Electrolysis & Laser Hair Removal. Also known as The Big Guns. The Big, Permanent, Expensive Guns. Electrolysis is cheaper per-treatment than lasering, but you’re all but guaranteed to need multiple treatments. Lasering off facial hair can often be done in a single visit, since it can wipe out a hundred hairs while electrolysis targets individual hairs one by one. (I don’t know how accurate this is, but here’s a general idea of average costs per laser treatment across the country, and here’s one for electrolysis. Since the latter requires a LOT more treatments, the higher price per treatment of lasering might not really be that scary.) Both approaches have a mixed track record: worked great from some, while other people report that their hair did eventually grow back. There are some at-home gadgets that promise similar results, but are NOT recommended for use on the face, so don’t even get tempted. Facial hair < facial scarring.

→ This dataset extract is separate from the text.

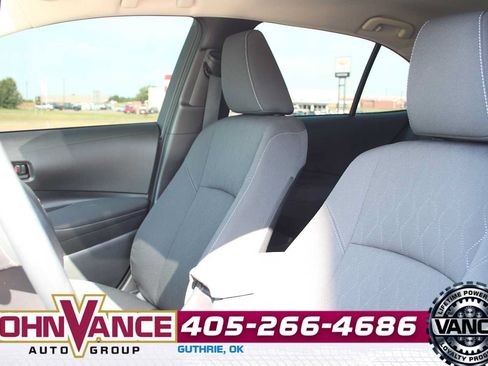 Used 2026 Toyota Corolla LE FWD image 22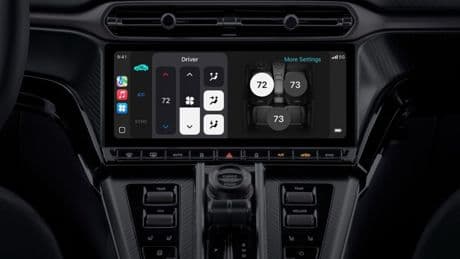 En su obsesión por controlar cada rincón del coche, Apple se ha chocado contra el muro. El nuevo CarPlay lo tiene crudo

A lot of women eventually decide to go for laser hair removal despite originally thinking it was too expensive: even if you DO find an at-home regimen that works, or figure out how to survive a waxing with minimal irritation…do the math. Regular salon waxing, twice-weekly bleaching or depilatory creams, twice-daily prescriptions, all that time spent tweezing and yanking and coloring and fretting. For the rest of your life. It’s one of those awesome “spend the money all at once” vs. “spend even more over time” conundrums. Maybe throw a few dollars in a jar every time you reach for the razor or wax, or redirect some of that discretionary money that never seems to buy anything of real value (lattes! impulse buys!). Keep it by the mirror and remind your reflection that you’re worth it.